Originally won the Grand Prize in the
FictionAddiction 2002 Poetry Contest Let me tell you about Sara. Sara
was undoubtedly the best orchestra student I had.
I never heard her say "I can't", "I won't",
or "that's too hard." Sara was in junior high,
liked by all. She was a can-do girl.
Sara was also blind.
Public junior high school is tough, especially
when you can't see. She had an aide, but
Sara insisted on carrying her cello herself.
It had a case she wore like a backpack, using
one hand to steady herself and the other
hand to sweep her white cane before her.
Sara started working before anyone
else. She memorized everything we played, from the warm-up
exercises to the concert pieces. I never heard
her miss a note in class. During lunch,
she came to my office to practice, preferring music
to food.

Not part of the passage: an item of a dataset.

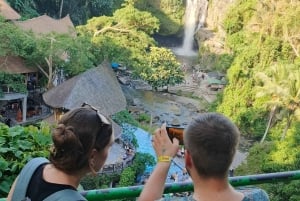 Bali: Ubud and Uluwatu Highlights Tour with Kecak Dance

She would play till her fingers bled,
stopping occasionally to check her music with one
hand, balancing her cello and bow in the other.
After lunch Sara would carry her cello
and I would carry her books into the cafeteria
where the orchestra met. With the janitors cleaning
the lunchtime mess and sometimes buffing the floor,
Sara struggled to concentrate on the orchestra and me.
She and her best cellist friend met
after school for weeks learning a piece for the concert.
Sara had a dozen family members coming.
It was going to be her first public solo.
With her cello in one hand and her bow in the other,
Sara couldn't carry her cane. I walked
her out to her seat on the stage, surrounded by the hush
of a crowd of parents who'd never seen our cellist
before. Sara couldn't see me raise my arms,
but she knew it was time to play by the rustling sound
of the raising instruments around her. I counted beats
too quietly for the audience to hear, even to start the solo.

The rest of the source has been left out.